4. Text Preprocessing

  • Steps:
    • Normalized text by converting it to lowercase and removing numbers and special characters.
    • Removed stopwords to reduce noise in the data.
    • Tokenized the text and performed lemmatization to standardize words.
  • Technologies Used:
    • nltk: For stopword removal and text tokenization.
    • spacy: For lemmatization and advanced text processing.
    • re: For regular expressions to clean unwanted characters.

Notebook 2 - "2_vectors_report"

1. Data Loading

  • Steps:
    • Loaded the preprocessed dataset from a JSON file.
  • Technologies Used:
    • pandas: For loading the dataset into a DataFrame.

2. Tokenization

  • Steps:
    • Tokenized the 'Headline+Body' column by splitting the text into individual words.
  • Technologies Used:
    • pandas: For applying tokenization on the dataset.

3. Training Word2Vec Model

  • Steps:
    • Trained a Word2Vec model on the tokenized text with specified hyperparameters.
    • Retrieved word vectors for analysis and explored word similarities (e.g., "politics", "trump").
  • Technologies Used:
    • gensim: For training the Word2Vec model and exploring word vectors.
    • numpy: For manipulating and calculating word embeddings.

4. Creating Article Vectors

  • Steps:
    • Calculated the average word vector for each article by averaging the word embeddings of the tokens in the article.
    • Added the calculated average vectors as new columns in the dataset.
  • Technologies Used:
    • numpy: For handling vector operations and calculating the average vectors for each article.

5. Train/Test Split

  • Steps:
    • Split the dataset into training and testing sets using an 80/20 ratio.
  • Technologies Used:
    • sklearn: For splitting the dataset into train and test sets.

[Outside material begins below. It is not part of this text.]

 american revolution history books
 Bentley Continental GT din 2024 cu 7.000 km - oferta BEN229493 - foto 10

6. Model Training & Evaluation

  • Steps:
    • Trained multiple classification models: Random Forest, Logistic Regression, and Support Vector Machine (SVM).
    • Generated classification reports to evaluate the performance of each model.
  • Technologies Used:
    • sklearn: For implementing and training classification models, as well as generating classification reports.

7. Saving Data

  • Steps:
    • Saved the dataset with added article vectors to a new JSON file for future use.
  • Technologies Used:
    • pandas: For saving the final dataset to a JSON file.

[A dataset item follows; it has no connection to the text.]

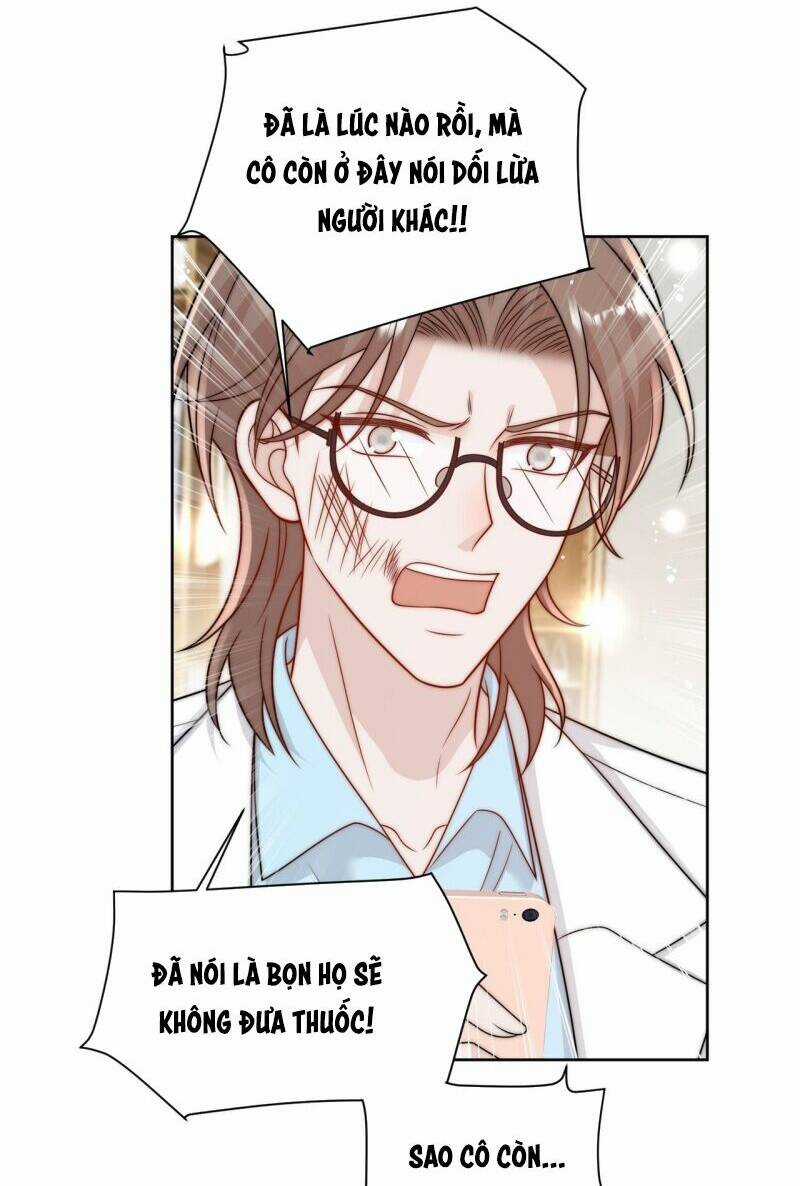 Khom Lưng - Chapter 20 - Trang 4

Notebook 3 - "3_model_training_and_tuning"

1. Data Loading

  • Steps:
    • Loaded the dataset containing article vectors from a JSON file.
  • Technologies Used:
    • pandas: For loading the dataset into a DataFrame.

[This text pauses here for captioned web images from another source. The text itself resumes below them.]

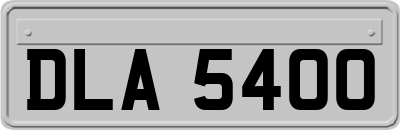 DLA5400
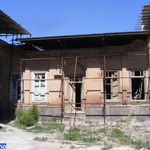 خانه خادم باشی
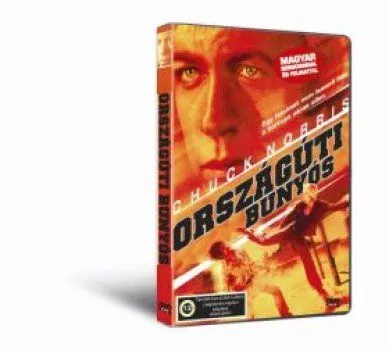 Országúti bunyós - DVD Bestseller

2. Model Training & Hyperparameter Tuning

  • Steps:
    • Prepared the feature matrix X (article vectors) and target variable y (labels).
    • Split the dataset into training and testing sets using an 80/20 ratio.
    • Used GridSearchCV for hyperparameter optimization on three models:
      • Random Forest Classifier
      • Logistic Regression
      • Support Vector Machine (SVM)
  • Technologies Used:
    • sklearn: For model training, hyperparameter tuning (GridSearchCV), and data splitting.

3. Model Evaluation

  • Steps:
    • Evaluated each model using the classification report to obtain precision, recall, and F1-score.
    • Printed the classification report for each model, showing the best-performing hyperparameters.
  • Technologies Used:
    • sklearn: For generating classification reports and evaluating model performance.

4. Best Model Selection

  • Steps:
    • Compared the models based on their precision scores from the classification report.
    • Selected the best model based on the highest precision value.
  • Technologies Used:
    • sklearn: For precision comparison and selecting the best-performing model.

5. Result Analysis

  • Steps:
    • Printed the best model and its corresponding precision value for final analysis.
  • Technologies Used:
    • sklearn: For result analysis and final model selection.